SHEFFIELD LAKE — The city most likely will see its full-time Fire Department disbanded and cuts to its police force after voters rejected an income tax increase Nov. 5.
“It’s a huge snowball effect,” an frustrated Sheffield Lake Mayor Dennis Bring said. “Start taking pride in (the) community.”
The 0.5 percent income tax increase, which would have raised about $500,000 annually, failed by 18 votes, according to unofficial election returns. That was the second time that the levy has been proposed and failed. In May, the proposal lost by 148 votes.
City Council met Tuesday to address the city’s budget woes and to discuss how the lack of extra funds would affect city departments, especially the Fire Department. Bring said the city is in the process of switching to a part-time volunteer Fire Department in its place.
For Fire Chief Tim Card, it is a daunting task.
“I don’t think that’s going to work at Sheffield Lake,” Card said, adding that homeowner’s insurance will increase if the city loses its full-time Fire Department. The budget strains — ongoing since 2009 — already have forced the department to reduce staffing. Of late, full-time firefighters have been working overtime to make up for the loss of manpower.

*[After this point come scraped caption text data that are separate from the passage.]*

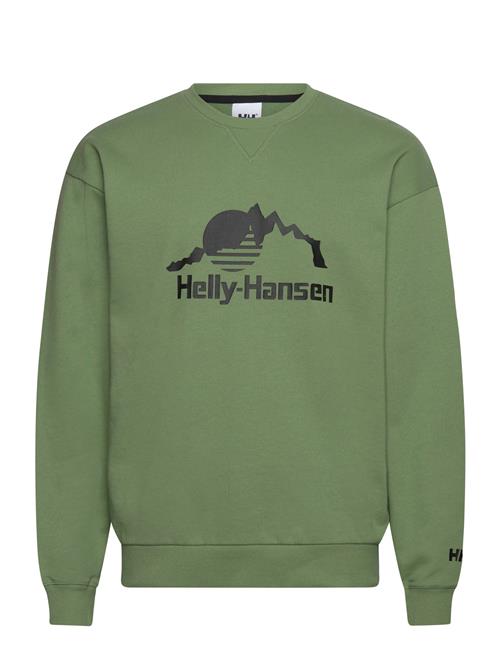 Helly Hansen | Yu Crew Sweater 2.0 | L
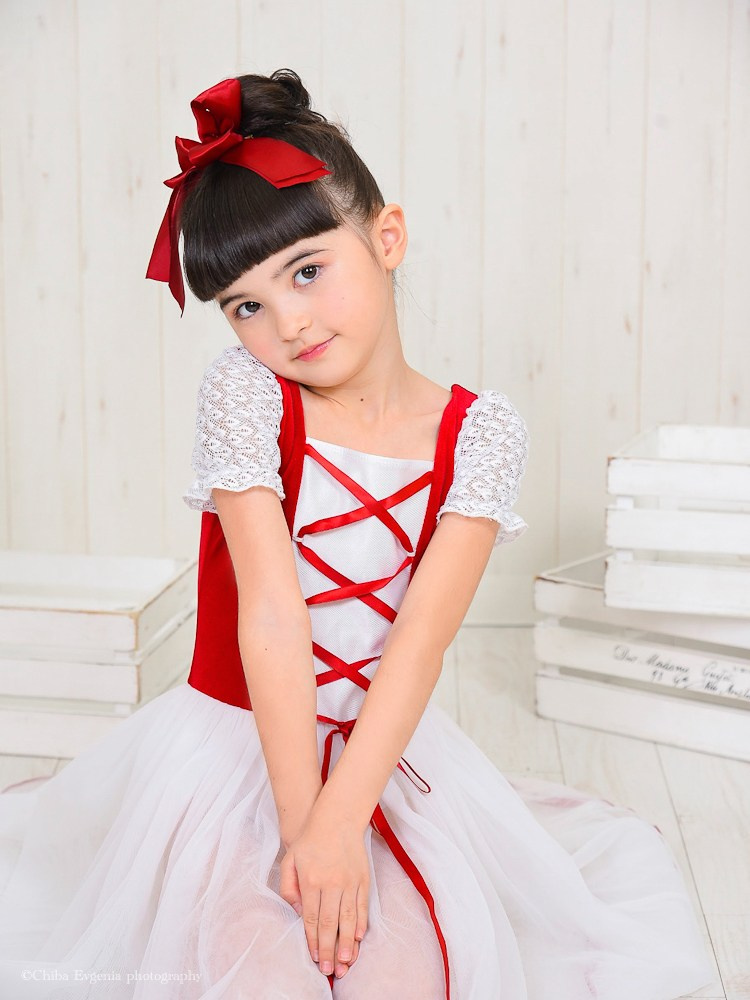 Studio Photoshoot. Photographer in Tokyo, Japan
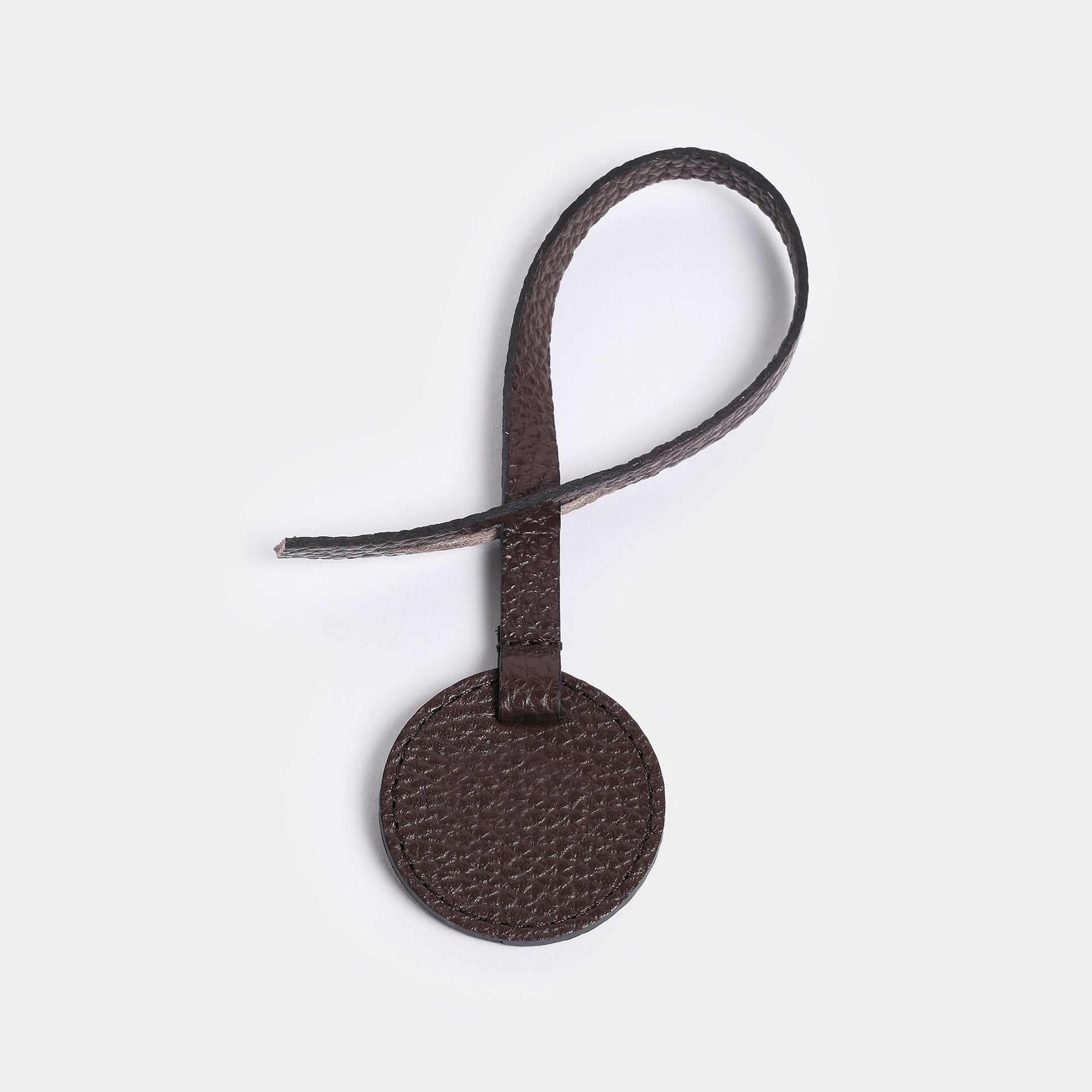 KEIRA - pelle cioccolato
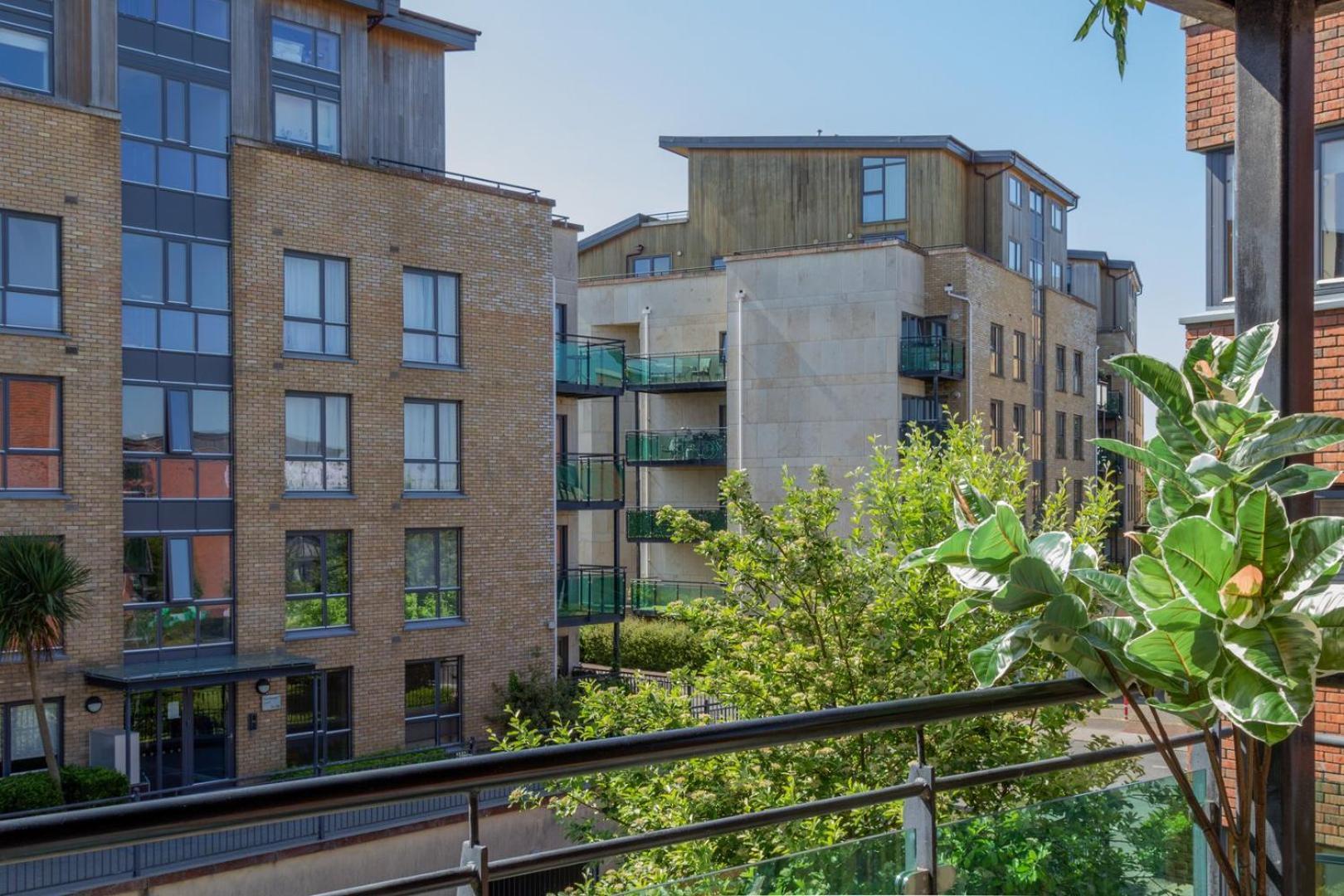 Guestready - Modern Stay By Pheonix Park Dublin Exterior foto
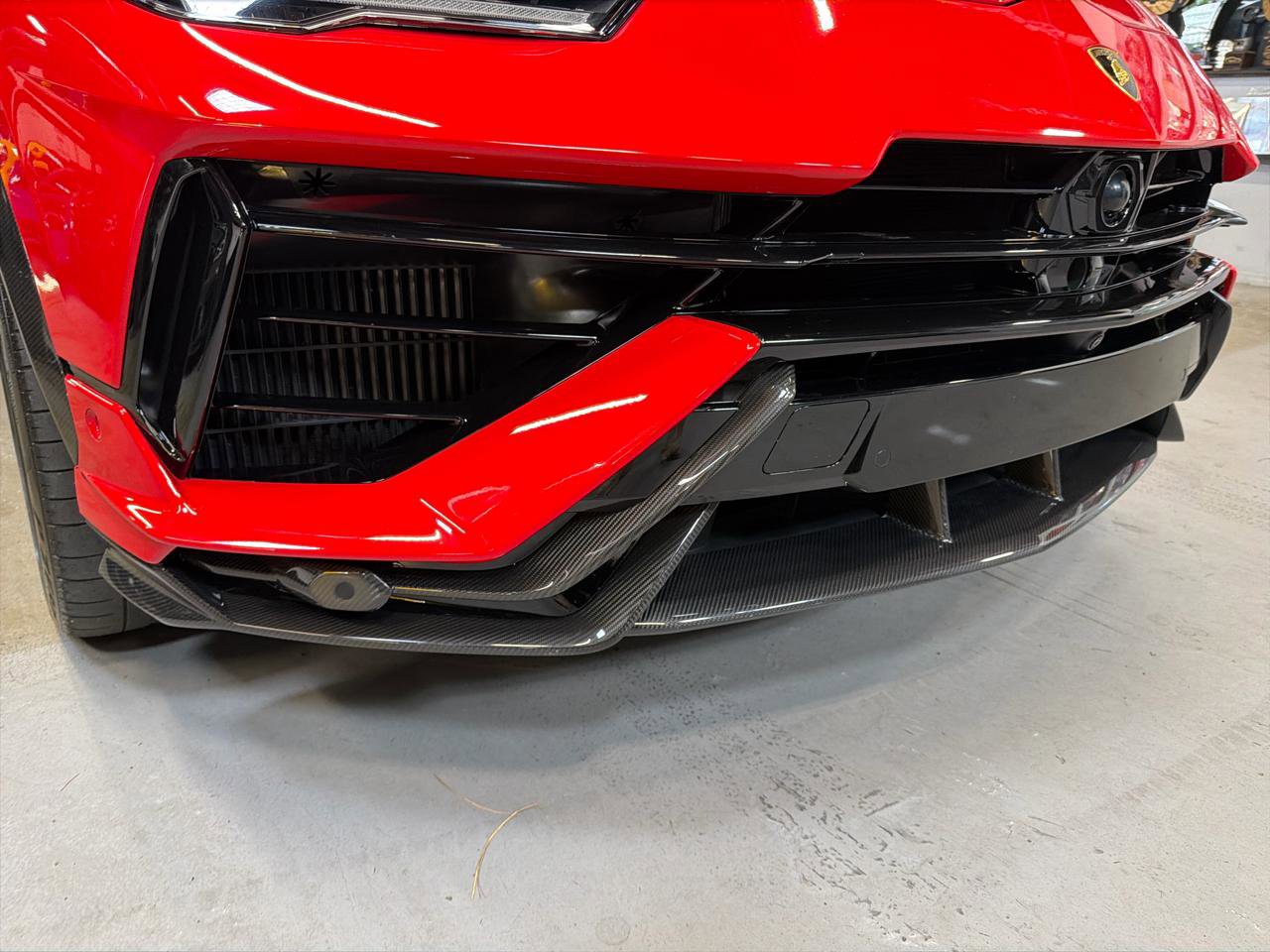 Used 2024 Lamborghini Urus Performante image 12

Bring said eliminating the full-time Fire Department won’t be enough to ward off the $600,000 deficit. Other departments will be cut.
The Police Department will stop responding to certain, non-life-threatening calls or requests, including small neighborly disputes and watching Sheffield Lake residents’ houses when they go out of town, Bring said. Both are services that police have offered in the past.

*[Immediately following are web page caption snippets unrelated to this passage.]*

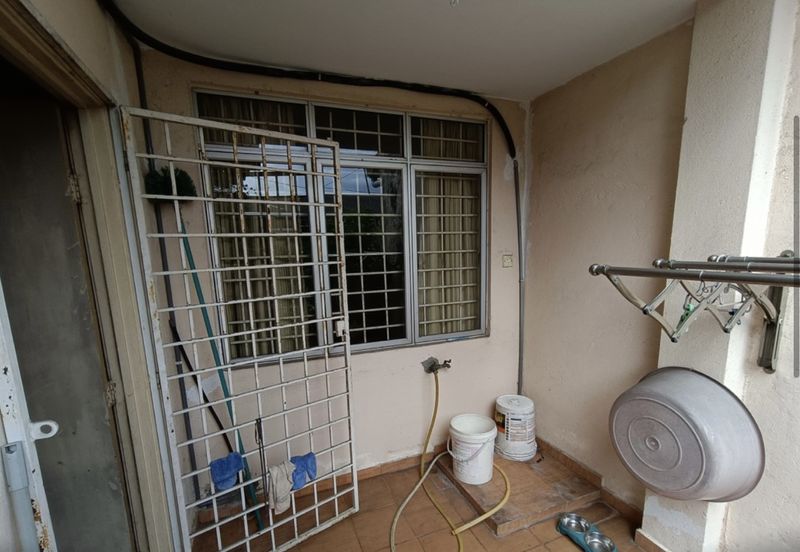 Bandar Tun Hussein Onn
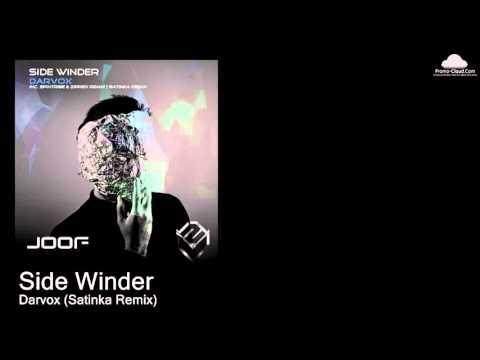 JOOF V2 091 Side Winder   - Darvox (Satinka Remix) [Various]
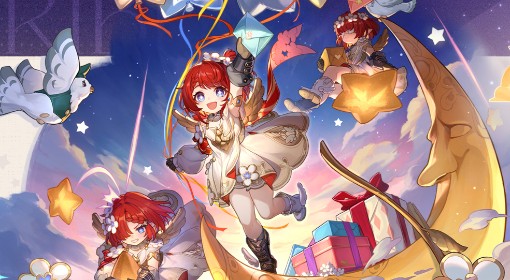 《崩坏：星穹铁道》缇宝一图流攻略
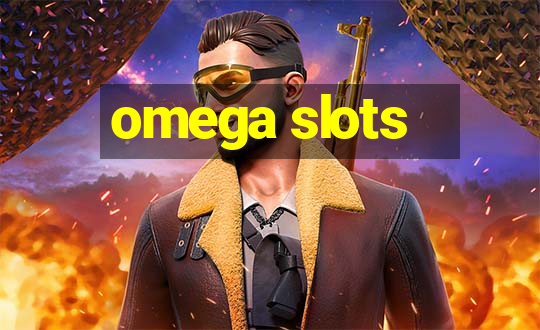 omega slots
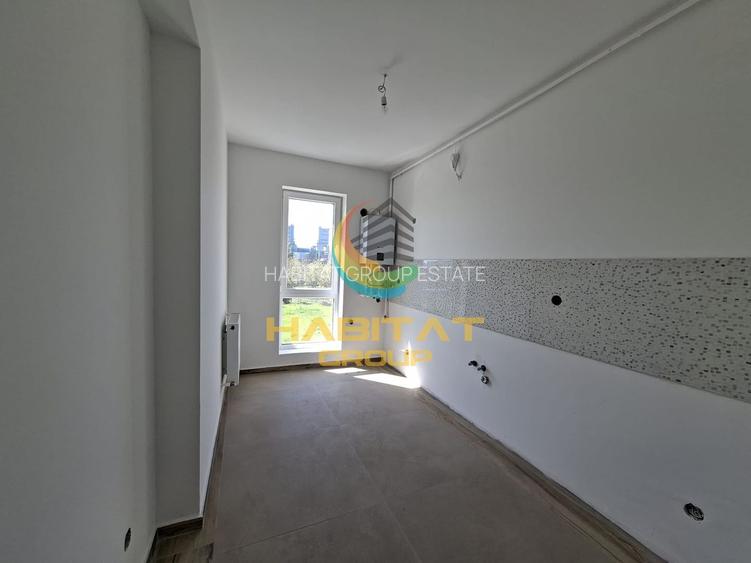 Apartament 3 camere 79 mp Decomandat 2 băi 2 balcoane Etaj 2 Postalionului - 4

Sheffield Lake residents also can expect to see less-extensive road maintenance. The Maintenance Department only will be able to plow and salt intersections and major roads.

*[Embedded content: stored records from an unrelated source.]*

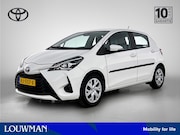 Toyota Yaris - 1.5 VVT-i Aspiration | Navigatie | Cruise Control | Climate 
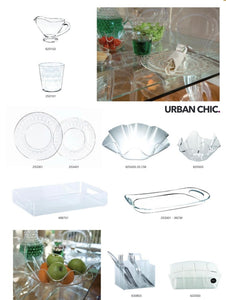 Collection Urban Chic
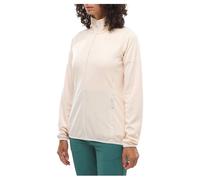 Millet Giacca Lokka III W Pile con zip Donna Bianco Taglia XL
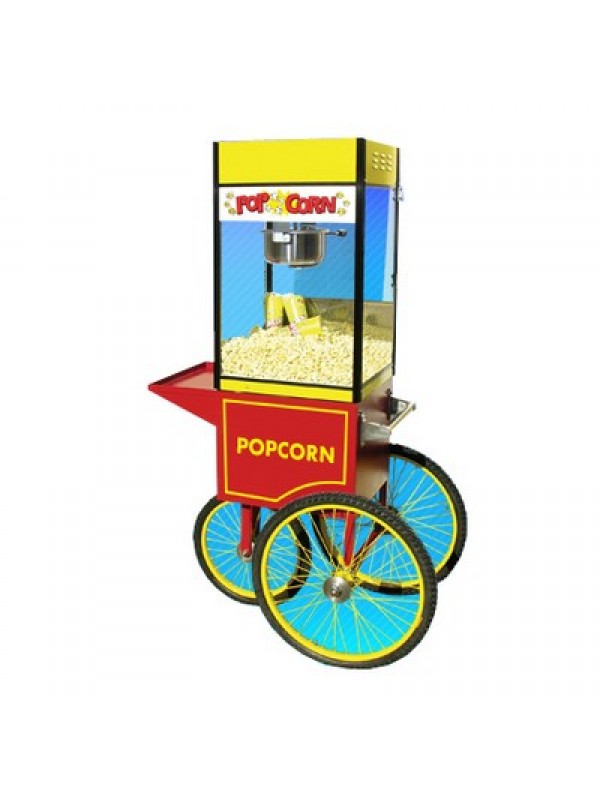  SUPORT MASINA  POPCORN OZ.6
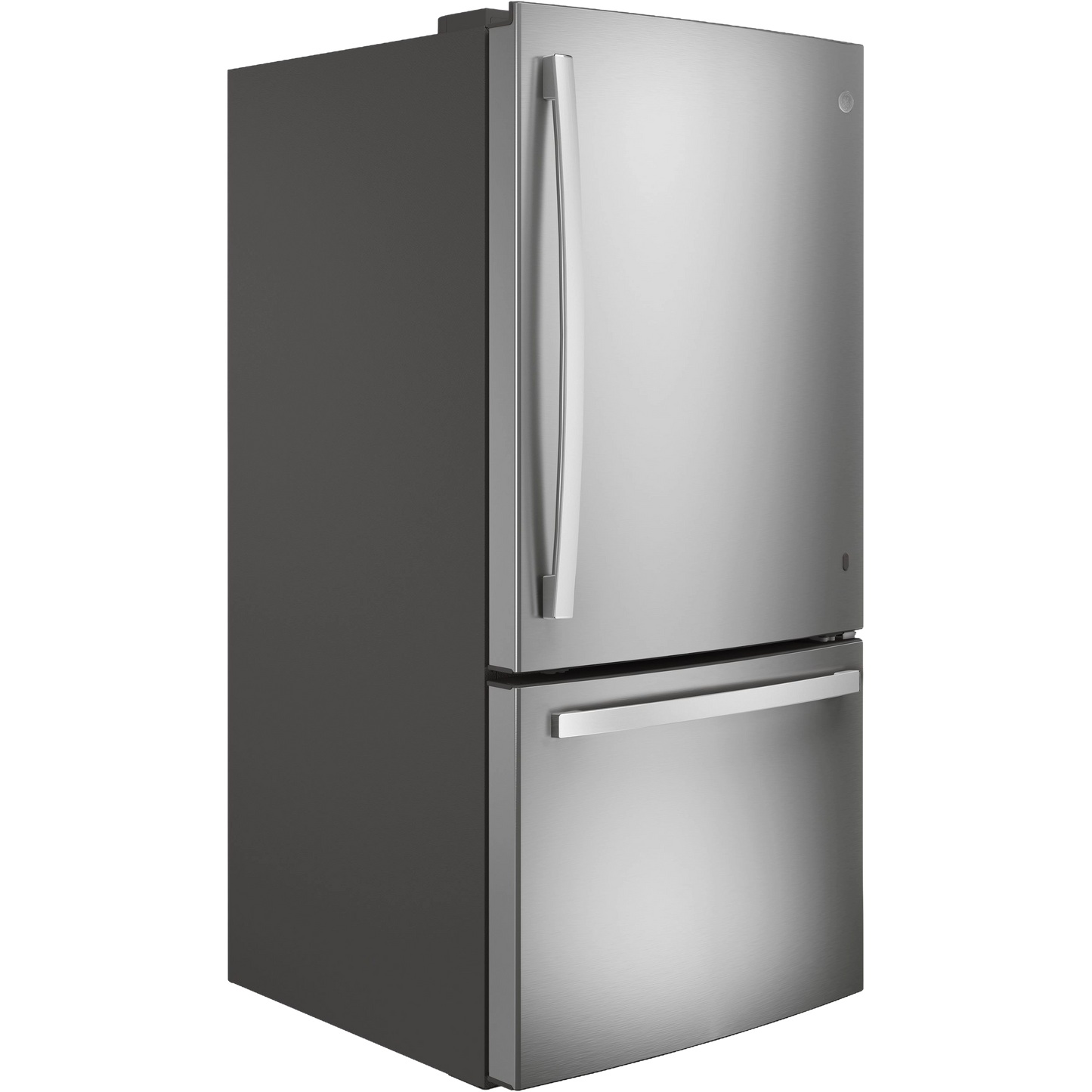 GE® ENERGY STAR® 24.8 Cu. Ft. Bottom-Freezer Drawer Refrigerator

“We just don’t have the manpower,” Bring said.
For Bring, one of the most disappointing aspects of the levy’s rejection is what he sees as the apathy from residents in the town.
“Come down and get the facts … see where the money is going,” Bring said, adding that many Sheffield Lake voters did not know how the rejection of the tax increase could affect the town. “This is what you voted for.”